Released: Aug 19, 2010
Updates in this release
Updates in V4.0
New features in PDFlib TET 4.0:
- Performance enhancements: faster for many classes of documents
- Higher speed and smaller memory consumption for very large documents up to hundreds of thousands of pages
- Extract right-to-left and bidirectional text for Arabic, Hebrew, etc.
- Unicode post-processing:
- Foldings preserve, remove or replace characters
- Decompositions replace a character with an equivalent sequence, e.g. replace narrow or vertical Japanese characters with their standard counterparts.
- Text can be converted to all four Unicode normalization forms, e.g. emit NFC form to meet the requirements for Web text or a database.

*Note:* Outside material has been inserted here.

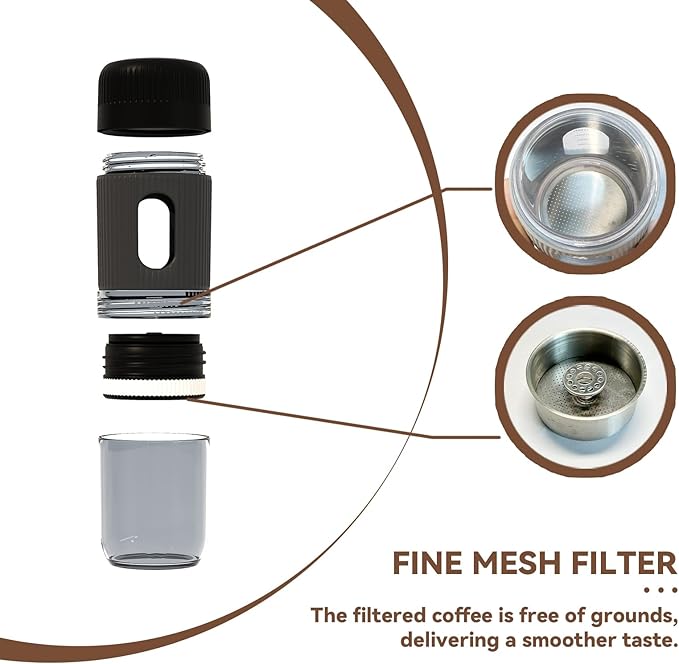 Portable Electric Coffee Maker (No Self-Heating, Requires Hot Water) – Compatible with K-Cup & Ground Coffee, 5oz Reservoir, Fast Extraction Single Serve Brewer for Camping, RV, Travel, Office – Black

- Improved shadow removal, word boundary detection, and dehyphenation
- Improved super and subscript detection
- Workarounds for non-conforming PDF documents to enhance robustness
- Enhanced repair mode for successfully extracting text from damaged PDF
- More information in TET's XML output (TETML), e.g. dehyphenation, dropcap, shadow, and super/subscript
- Improved C++ and Perl language bindings
New features in PDFlib TET PDF IFilter 4.0:
- Takes advantage of the improved TET 4.0 kernel
- Automatic language detection for improved search results (find word stems, partial matches, etc.)
- Support for SharePoint 2010